One of the most
talked-about panels during B. Riley Securities' 26th Annual Institutional
Investor Conference tackled how generative AI is reshaping the enterprise
software model. Moderated by Equity Research Managing Director, Erik Suppiger,
The Agentic Pivot: Re-Architecting the SaaS Stack brought together Kyle Brown
(CEO, Trinity Capital), Jonathan Lamm (CFO, Blue Owl), David Morken (CEO,
Bandwidth) and Umesh Sachdev (CEO, Uniphore).

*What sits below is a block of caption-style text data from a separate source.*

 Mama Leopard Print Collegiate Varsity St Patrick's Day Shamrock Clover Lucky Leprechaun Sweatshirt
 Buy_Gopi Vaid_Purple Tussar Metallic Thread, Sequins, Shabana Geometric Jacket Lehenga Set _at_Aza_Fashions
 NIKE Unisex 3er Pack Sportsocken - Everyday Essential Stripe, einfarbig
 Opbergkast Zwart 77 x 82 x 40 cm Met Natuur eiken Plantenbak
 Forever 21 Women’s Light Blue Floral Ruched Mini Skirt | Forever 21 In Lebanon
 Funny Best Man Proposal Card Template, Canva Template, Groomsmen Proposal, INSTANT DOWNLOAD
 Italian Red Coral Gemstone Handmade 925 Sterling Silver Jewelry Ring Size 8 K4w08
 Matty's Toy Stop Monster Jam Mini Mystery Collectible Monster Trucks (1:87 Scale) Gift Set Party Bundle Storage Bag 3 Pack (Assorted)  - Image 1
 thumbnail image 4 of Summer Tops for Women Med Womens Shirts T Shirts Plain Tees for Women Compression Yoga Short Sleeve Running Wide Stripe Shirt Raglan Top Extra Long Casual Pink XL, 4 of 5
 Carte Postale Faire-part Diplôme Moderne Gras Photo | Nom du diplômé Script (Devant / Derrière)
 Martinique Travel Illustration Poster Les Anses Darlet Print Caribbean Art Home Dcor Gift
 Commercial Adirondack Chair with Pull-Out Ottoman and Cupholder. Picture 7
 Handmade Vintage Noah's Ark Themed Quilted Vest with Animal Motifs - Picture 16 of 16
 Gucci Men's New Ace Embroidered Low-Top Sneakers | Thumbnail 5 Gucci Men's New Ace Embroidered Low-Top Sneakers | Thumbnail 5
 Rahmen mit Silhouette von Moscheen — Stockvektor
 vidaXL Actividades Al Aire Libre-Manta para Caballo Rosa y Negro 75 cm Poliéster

With perspectives spanning
technology, lending, and investing, one theme emerged clearly: the shift from
selling software to selling intelligence is underway.
Key
takeaways:
The redefined moat
With AI able to replicate code quickly, the panel argued that tomorrow's moats
rest on three pillars: proprietary data that models can be trained on,
distribution and incumbency that startups struggle to acquire, and usage-based
infrastructure positioned to capture the value of autonomous agents rather than
static seat counts.
The pricing reset
Seat-based licensing breaks down when a single agent can do the work of many
users in a fraction of the time. The panel's view: winners will price business
outcomes and intelligence, not the number of logins or seats.
The investor lens
From a capital-allocation standpoint, historical SaaS retention metrics no
longer tell the whole story. The emphasis is shifting toward technological
defensibility — backing mission-critical, data-rich, accuracy-oriented
businesses where AI expands the opportunity, and looking for core
system-of-record companies with clear, actionable AI roadmaps.
The bottom line
The discussion covered a lot of ground, but the closing sentiment was unified:
incumbency remains a powerful weapon, but only when paired with agility. The
companies that thrive will stop treating AI as a feature and start treating it
as the core engine of the intelligence they deliver.